** Activity **
Please copy out the entries below exactly, beginning with the line that contains "Unfallwagen Fiat 500" and ending with the line that contains "casa indipendente in vendita a Bonassola", and include nothing outside that span.
*** Opening of Data for the task ***
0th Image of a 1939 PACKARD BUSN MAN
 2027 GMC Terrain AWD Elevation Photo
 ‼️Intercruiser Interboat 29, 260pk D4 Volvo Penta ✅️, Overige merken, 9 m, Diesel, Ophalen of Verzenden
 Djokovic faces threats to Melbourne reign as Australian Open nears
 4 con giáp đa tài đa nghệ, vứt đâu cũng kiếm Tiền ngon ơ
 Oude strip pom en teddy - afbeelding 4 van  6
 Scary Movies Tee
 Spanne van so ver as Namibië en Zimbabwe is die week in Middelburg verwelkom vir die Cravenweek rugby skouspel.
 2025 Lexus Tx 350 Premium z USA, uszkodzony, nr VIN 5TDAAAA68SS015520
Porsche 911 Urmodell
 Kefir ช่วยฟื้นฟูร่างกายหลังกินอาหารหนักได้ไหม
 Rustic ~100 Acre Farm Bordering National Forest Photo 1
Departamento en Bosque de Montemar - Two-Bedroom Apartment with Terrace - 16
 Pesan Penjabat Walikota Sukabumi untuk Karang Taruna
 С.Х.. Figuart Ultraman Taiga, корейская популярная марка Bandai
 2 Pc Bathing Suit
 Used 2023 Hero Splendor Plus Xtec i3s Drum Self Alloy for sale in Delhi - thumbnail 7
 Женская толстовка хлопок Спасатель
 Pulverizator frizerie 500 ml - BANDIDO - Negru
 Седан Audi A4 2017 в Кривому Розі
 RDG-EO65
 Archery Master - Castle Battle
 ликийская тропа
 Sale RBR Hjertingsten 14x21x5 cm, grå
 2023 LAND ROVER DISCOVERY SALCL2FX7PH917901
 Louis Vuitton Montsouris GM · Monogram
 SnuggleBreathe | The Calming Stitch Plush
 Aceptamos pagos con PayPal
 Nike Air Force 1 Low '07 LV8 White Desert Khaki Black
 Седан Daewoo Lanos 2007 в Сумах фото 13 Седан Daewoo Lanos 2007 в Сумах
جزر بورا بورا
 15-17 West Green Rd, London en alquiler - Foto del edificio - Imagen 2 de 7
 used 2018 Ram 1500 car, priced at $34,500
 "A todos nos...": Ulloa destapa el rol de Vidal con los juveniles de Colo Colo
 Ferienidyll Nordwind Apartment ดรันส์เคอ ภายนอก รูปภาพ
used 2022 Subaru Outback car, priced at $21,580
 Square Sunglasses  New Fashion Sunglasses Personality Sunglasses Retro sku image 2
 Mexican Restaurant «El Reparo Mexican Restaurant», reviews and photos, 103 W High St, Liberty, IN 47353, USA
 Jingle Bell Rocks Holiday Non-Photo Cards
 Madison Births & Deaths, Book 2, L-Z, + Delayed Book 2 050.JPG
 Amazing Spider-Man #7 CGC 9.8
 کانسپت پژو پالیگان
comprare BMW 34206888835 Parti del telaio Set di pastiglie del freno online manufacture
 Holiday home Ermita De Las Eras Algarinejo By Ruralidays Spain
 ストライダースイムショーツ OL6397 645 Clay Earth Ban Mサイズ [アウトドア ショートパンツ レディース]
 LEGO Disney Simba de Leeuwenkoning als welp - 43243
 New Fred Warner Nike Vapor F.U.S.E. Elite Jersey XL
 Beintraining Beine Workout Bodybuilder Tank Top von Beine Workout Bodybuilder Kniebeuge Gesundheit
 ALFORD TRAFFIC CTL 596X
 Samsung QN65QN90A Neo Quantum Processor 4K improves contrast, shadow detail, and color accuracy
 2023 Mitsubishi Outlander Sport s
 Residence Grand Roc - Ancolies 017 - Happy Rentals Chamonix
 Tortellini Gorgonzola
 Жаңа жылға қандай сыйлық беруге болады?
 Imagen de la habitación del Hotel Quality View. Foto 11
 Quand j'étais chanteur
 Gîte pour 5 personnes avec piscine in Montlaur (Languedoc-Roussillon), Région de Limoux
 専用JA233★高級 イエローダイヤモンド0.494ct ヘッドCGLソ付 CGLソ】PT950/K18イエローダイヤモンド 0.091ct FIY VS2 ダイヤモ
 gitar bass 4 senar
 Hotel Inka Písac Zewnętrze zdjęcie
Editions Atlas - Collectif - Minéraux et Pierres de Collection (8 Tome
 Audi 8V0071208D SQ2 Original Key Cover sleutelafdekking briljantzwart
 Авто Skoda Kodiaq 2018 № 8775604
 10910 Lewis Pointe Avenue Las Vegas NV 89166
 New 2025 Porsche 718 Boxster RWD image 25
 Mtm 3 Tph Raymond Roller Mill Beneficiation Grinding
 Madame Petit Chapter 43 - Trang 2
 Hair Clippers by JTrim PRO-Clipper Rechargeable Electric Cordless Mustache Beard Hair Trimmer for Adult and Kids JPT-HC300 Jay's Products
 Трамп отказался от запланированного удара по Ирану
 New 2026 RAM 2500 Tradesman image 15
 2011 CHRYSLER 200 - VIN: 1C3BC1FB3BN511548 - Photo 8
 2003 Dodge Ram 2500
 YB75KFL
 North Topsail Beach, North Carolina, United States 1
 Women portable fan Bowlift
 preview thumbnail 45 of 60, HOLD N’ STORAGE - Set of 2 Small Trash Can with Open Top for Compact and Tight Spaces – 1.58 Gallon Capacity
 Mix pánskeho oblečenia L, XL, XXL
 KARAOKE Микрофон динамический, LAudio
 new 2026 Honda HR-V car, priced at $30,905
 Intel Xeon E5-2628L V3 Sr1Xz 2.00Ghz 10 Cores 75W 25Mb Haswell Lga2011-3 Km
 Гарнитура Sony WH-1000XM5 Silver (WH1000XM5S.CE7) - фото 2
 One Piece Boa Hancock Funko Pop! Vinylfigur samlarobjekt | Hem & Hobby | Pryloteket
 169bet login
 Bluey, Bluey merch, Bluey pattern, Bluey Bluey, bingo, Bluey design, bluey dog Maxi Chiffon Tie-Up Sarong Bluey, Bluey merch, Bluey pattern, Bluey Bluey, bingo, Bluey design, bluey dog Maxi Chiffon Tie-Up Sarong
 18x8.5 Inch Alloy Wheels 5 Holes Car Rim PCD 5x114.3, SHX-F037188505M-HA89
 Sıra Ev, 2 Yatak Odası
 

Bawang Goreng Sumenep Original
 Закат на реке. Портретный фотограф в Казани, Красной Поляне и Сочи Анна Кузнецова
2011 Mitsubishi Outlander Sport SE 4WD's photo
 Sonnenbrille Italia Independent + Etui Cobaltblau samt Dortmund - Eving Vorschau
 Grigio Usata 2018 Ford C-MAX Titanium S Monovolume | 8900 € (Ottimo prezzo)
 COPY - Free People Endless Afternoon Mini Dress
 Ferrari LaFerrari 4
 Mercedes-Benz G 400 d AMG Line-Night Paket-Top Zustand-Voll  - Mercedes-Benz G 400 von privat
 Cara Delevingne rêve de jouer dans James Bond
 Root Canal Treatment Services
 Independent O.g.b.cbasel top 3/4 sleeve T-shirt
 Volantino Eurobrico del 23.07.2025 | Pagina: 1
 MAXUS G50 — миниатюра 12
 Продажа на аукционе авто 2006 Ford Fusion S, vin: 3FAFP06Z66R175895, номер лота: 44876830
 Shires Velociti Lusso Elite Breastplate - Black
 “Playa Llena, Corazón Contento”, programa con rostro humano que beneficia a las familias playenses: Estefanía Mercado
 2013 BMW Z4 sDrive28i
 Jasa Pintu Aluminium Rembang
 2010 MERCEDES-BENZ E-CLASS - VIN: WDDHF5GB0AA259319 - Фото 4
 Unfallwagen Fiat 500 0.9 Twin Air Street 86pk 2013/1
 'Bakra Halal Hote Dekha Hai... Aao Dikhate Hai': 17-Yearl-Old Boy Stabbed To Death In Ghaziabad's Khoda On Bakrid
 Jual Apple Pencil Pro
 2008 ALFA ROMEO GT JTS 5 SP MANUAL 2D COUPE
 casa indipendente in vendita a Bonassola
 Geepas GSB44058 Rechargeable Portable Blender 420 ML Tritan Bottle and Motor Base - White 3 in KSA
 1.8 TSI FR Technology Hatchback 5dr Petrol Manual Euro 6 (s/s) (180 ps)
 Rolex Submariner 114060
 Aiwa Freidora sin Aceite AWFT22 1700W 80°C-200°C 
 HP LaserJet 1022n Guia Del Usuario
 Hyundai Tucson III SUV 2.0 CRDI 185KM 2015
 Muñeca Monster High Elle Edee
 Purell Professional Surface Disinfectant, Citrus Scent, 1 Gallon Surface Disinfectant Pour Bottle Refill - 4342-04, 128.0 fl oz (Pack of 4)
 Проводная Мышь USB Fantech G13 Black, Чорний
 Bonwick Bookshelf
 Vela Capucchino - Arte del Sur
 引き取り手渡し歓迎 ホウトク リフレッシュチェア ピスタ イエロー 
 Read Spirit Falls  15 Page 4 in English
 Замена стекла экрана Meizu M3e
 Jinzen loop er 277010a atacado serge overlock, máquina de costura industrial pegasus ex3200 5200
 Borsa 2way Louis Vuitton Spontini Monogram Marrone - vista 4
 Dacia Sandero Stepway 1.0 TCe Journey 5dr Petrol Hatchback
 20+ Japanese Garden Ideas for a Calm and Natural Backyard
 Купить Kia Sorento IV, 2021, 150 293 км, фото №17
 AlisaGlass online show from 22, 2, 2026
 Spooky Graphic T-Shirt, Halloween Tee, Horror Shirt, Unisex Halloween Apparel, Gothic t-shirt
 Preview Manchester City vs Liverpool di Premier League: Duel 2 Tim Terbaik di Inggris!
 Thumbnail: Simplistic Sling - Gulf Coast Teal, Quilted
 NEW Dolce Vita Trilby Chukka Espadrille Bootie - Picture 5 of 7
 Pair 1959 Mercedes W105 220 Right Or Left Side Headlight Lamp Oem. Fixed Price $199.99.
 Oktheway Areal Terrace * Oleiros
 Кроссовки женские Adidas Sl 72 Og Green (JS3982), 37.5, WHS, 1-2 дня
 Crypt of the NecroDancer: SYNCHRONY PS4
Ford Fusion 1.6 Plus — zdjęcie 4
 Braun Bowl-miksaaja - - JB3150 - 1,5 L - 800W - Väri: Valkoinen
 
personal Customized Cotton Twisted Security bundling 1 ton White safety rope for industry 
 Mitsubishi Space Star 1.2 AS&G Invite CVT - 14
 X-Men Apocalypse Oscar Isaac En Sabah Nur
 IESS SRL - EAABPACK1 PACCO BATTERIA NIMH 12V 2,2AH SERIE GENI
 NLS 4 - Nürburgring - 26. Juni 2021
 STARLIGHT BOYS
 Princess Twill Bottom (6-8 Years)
*** Close of Data for the task ***
** The completed task **
 Unfallwagen Fiat 500 0.9 Twin Air Street 86pk 2013/1
 'Bakra Halal Hote Dekha Hai... Aao Dikhate Hai': 17-Yearl-Old Boy Stabbed To Death In Ghaziabad's Khoda On Bakrid
 Jual Apple Pencil Pro
 2008 ALFA ROMEO GT JTS 5 SP MANUAL 2D COUPE
 casa indipendente in vendita a Bonassola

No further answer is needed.